▶ _How to complete this task_
Write out exactly the lines from the one that contains "entryway with pavers" down to the last line of the material below, keeping both ends and omitting pictures.

▶ _Excerpted records_

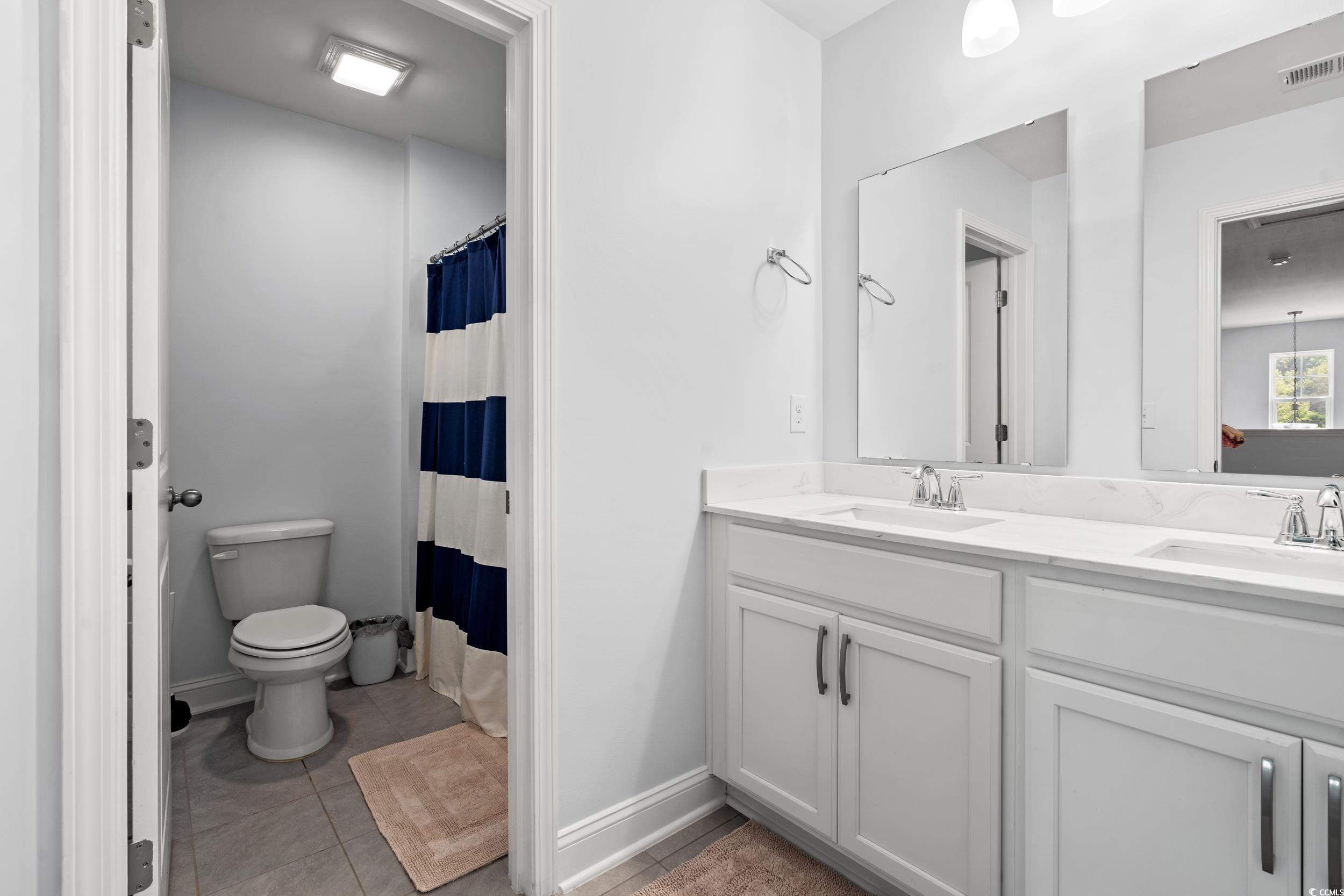 405 Spring View Little River, SC 29566 - Photo 32 of 40 Bathroom featuring double vanity, tile patterned flooring, and a shower with curtain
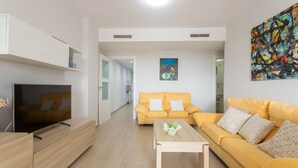 Un salon moderne avec un téléviseur à écran plat, un canapé jaune, une table basse et un tableau accroché au mur.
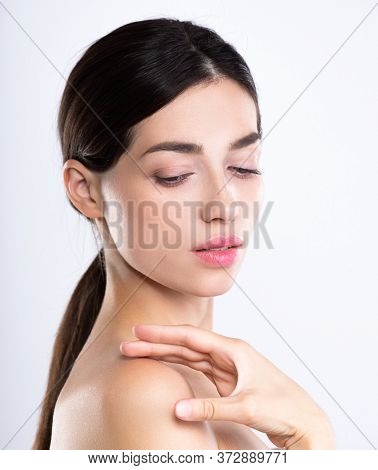 Portrait of beautiful young brunette woman with clean face. Beautiful face of young adult woman with clean fresh skin - isolated on white. Front portrait of woman with beauty face. Beauty concept 
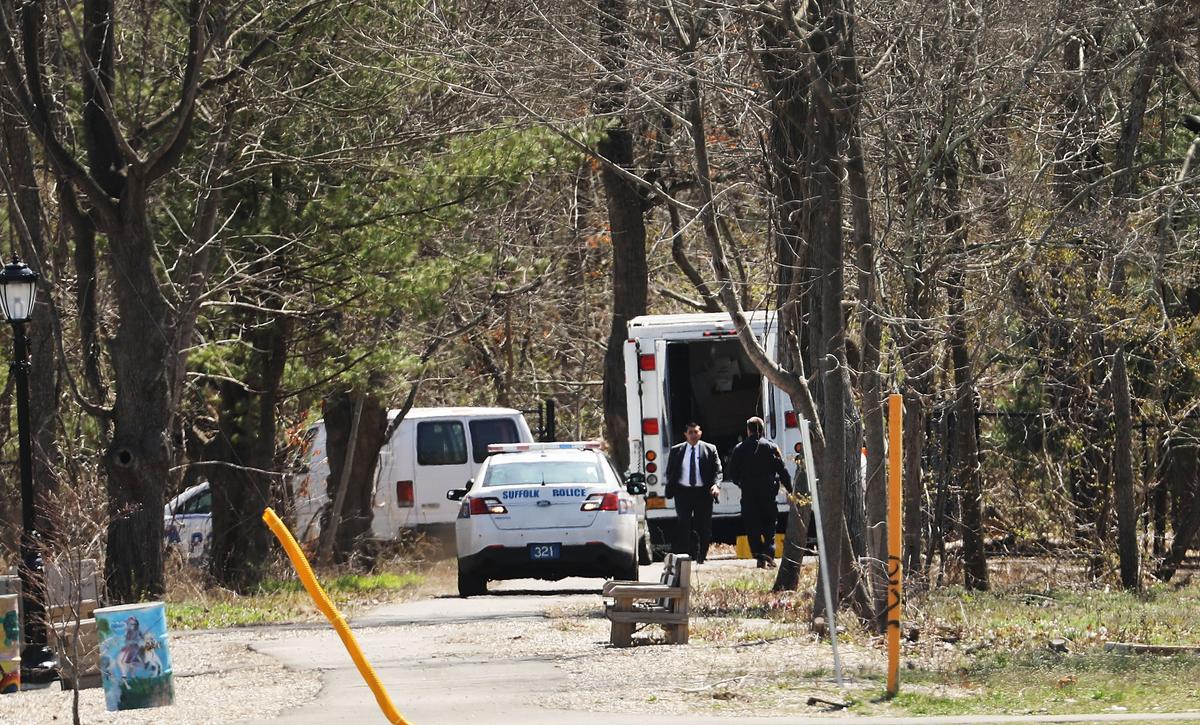 Police investigate the site where four young men were found murdered in a park in Central Islip, NY, on April 13, 2017. (Spencer Platt/Getty Images)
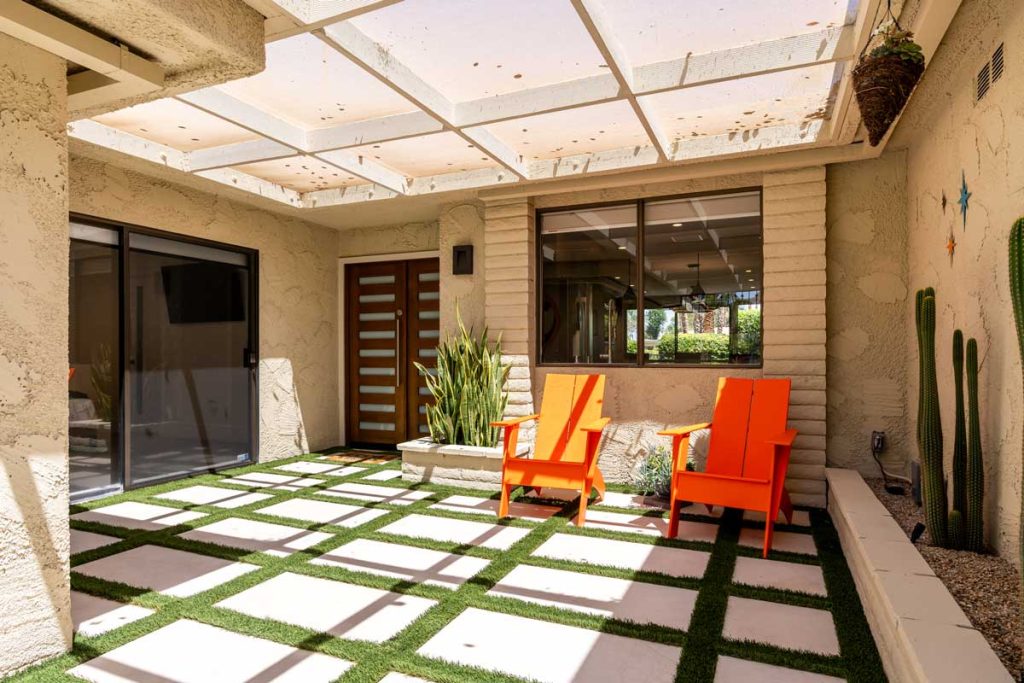 entryway with pavers and grass, two orange chairs and covered patio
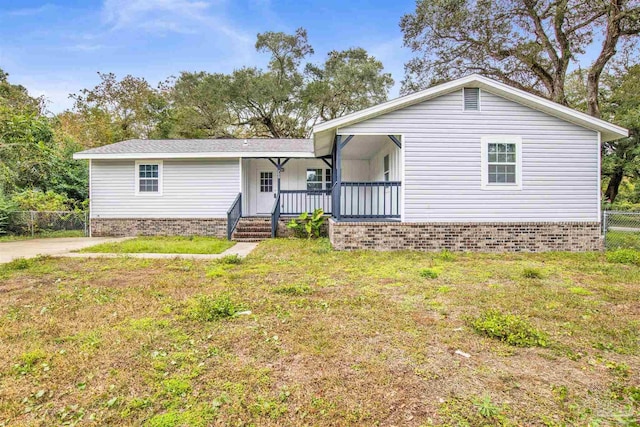 single story home with covered porch and a front lawn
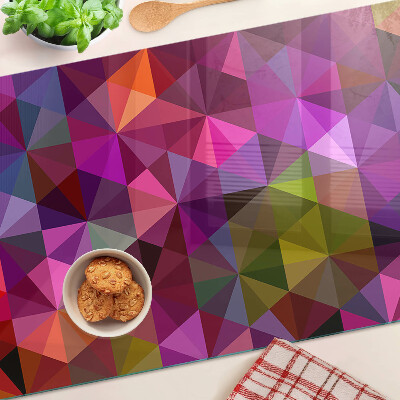 Glazen snijplanken Geometrische vormen in roze en paarse tinten.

▶ _Response box_
 entryway with pavers and grass, two orange chairs and covered patio
 single story home with covered porch and a front lawn
 Glazen snijplanken Geometrische vormen in roze en paarse tinten.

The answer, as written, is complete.